● WHAT YOU HAVE TO DO
Taking the line with "Mistrovství vikingských řezbářů, kostel" as the first and the line with "Mercedes-Benz E 220" as the last, set down exactly every line in that range from the entries below, and no more.

=== SUPPLIED DATA ===

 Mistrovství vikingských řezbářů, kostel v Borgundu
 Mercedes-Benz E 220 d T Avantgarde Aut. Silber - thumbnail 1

===
=== SUPPLIED DATA ===

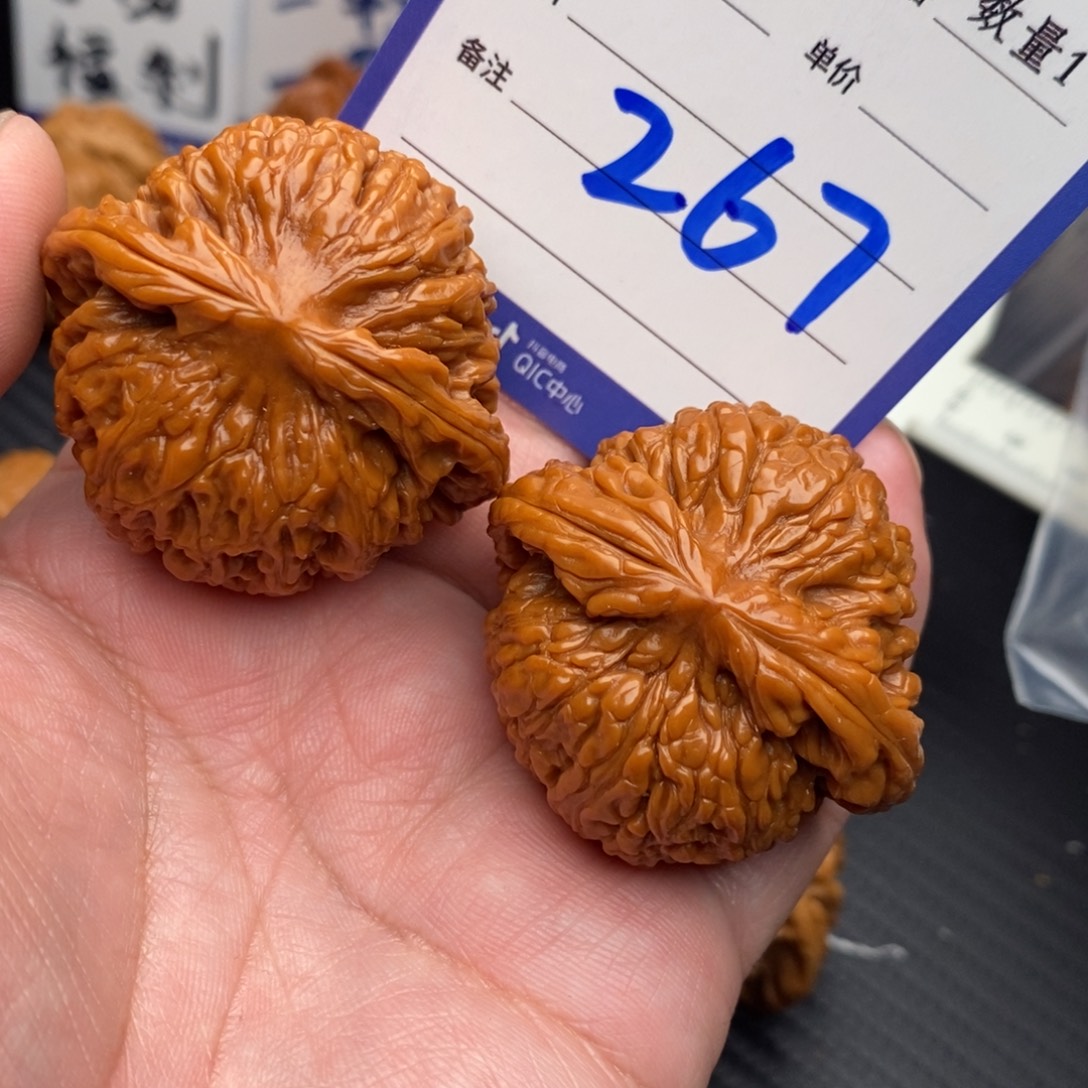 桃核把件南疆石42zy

===
=== SUPPLIED DATA ===

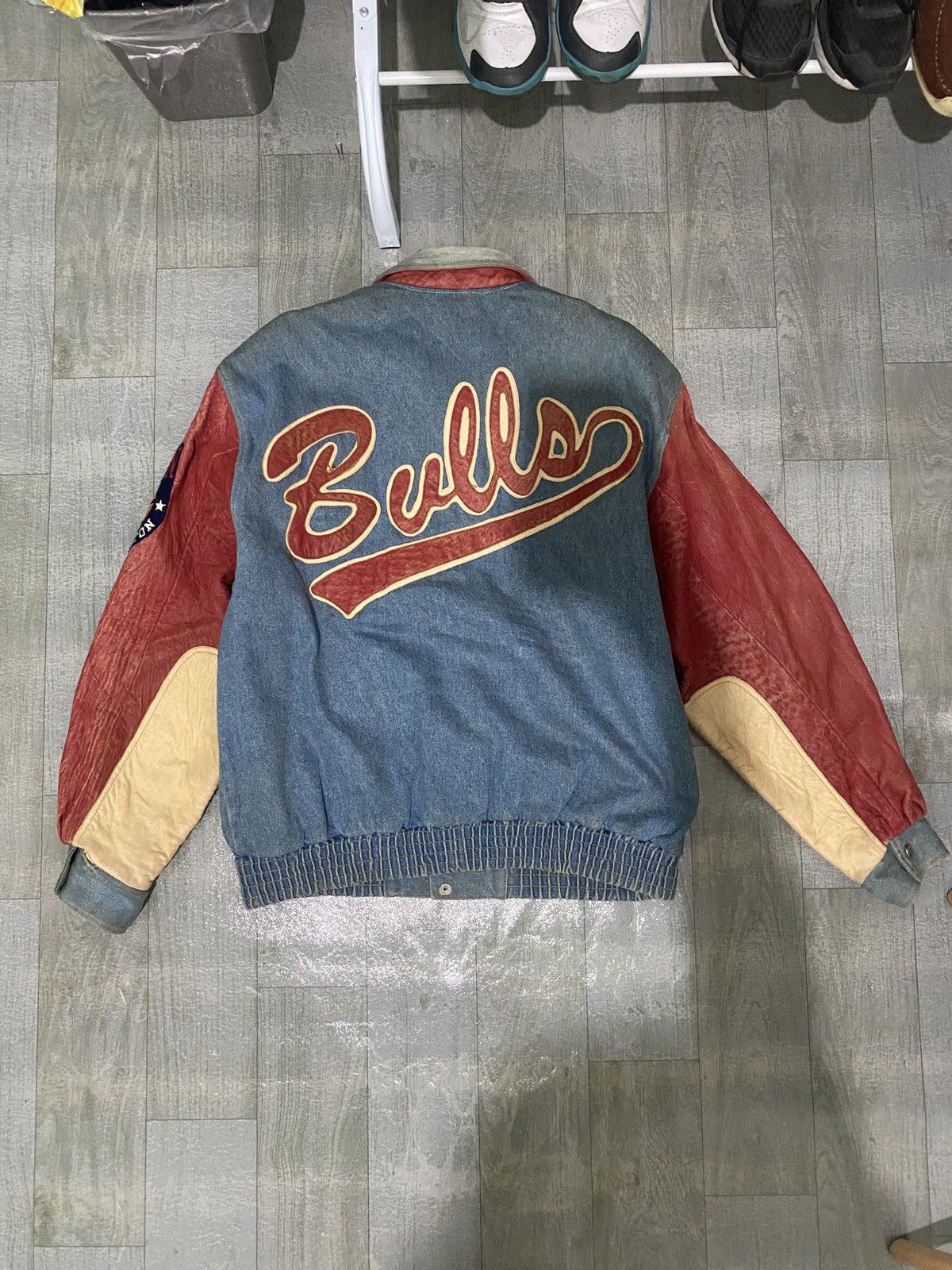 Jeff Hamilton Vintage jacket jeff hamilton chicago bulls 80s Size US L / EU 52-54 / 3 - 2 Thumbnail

===

● SOLUTION BELOW
 Mistrovství vikingských řezbářů, kostel v Borgundu
 Mercedes-Benz E 220 d T Avantgarde Aut. Silber - thumbnail 1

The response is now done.